Christopher Morley (May 5, 1890 to March 28 1957) is recalled as an American novelist now, but to his contemporaries he was also a journalist, and poet. His second novel, The Haunted Bookstore (1919) is very much a period piece, dealing with a plot to assassinate the president of the country. A love of books infuses the story, as this quote shows:

"Surround a man with Carlyle, Emerson, Thoreau, Chesterton, Shaw, Nietzsche, and George Ade—would you wonder at his getting excited? What would happen to a cat if she had to live in a room tapestried with catnip ? She would go crazy!"
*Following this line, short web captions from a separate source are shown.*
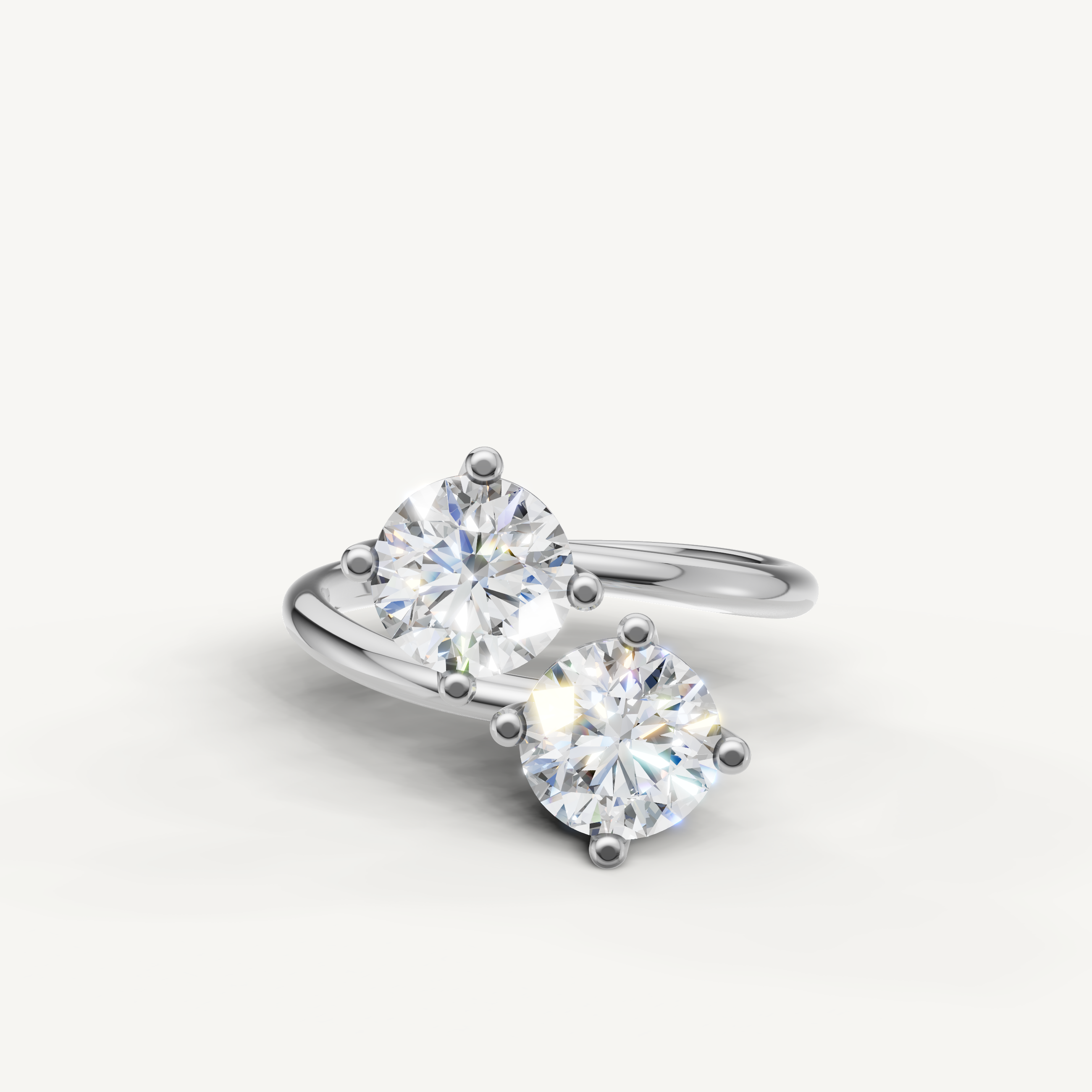Raul Diamonds white gold bypass engagement ring with dual round cut lab diamonds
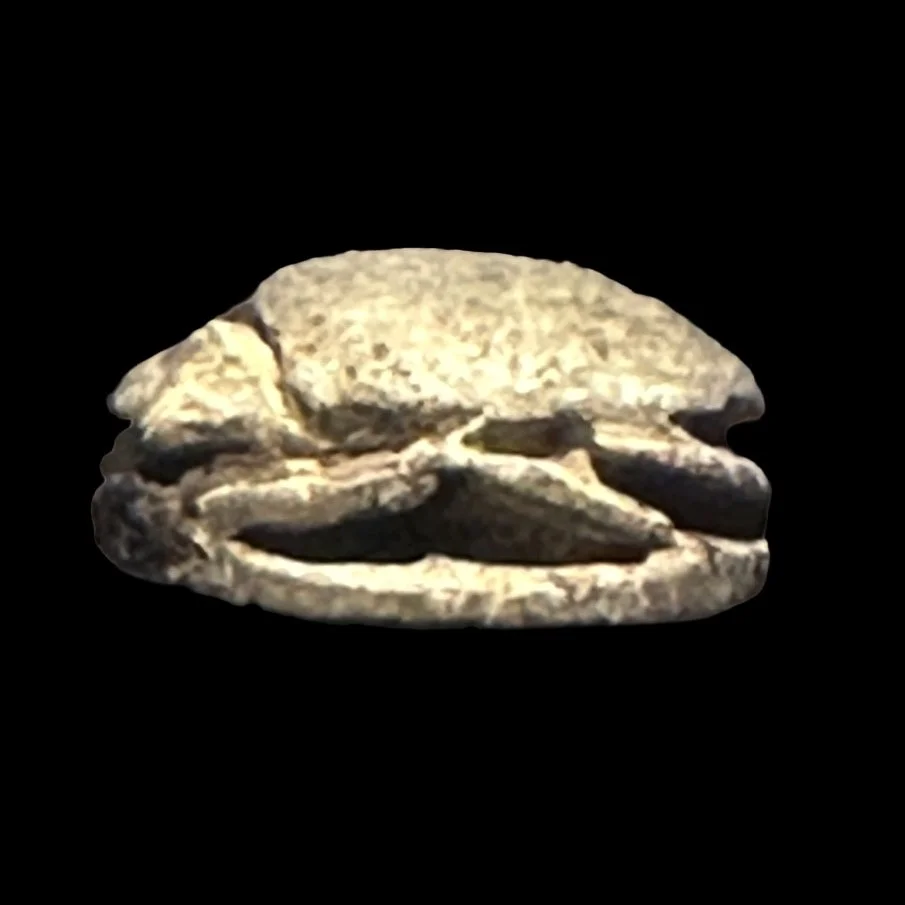 Ancient stone artifact resembling a stylized face or mask, set against a black background.
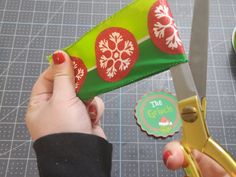 a person holding a pair of scissors in front of a green bag with snowflakes on it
"Truly, I had never thought of that phase of bookselling," said the young man. "How is it, though, that libraries are shrines of such austere calm? If books are as provocative as you suggest, one would expect every librarian to utter the shrill screams of a hierophant, to clash ecstatic castanets in his silent alcoves!"

"Ah, my boy, you forget the card index! Librarians invented that soothing device for the febrifuge of their souls, just as I fall back upon the rites of the kitchen. Librarians would all go mad, those capable of concentrated thought, if they did not have the cool and healing card index as medicament."

Morley was a prolific writer, and even edited new editions of Bartlett's Familiar Quotations (1937 and 1948). He was a book lover, and good friend of better writers, such as Don Marquis. If America was ever innocent, this quality was embodied by Christopher Morley.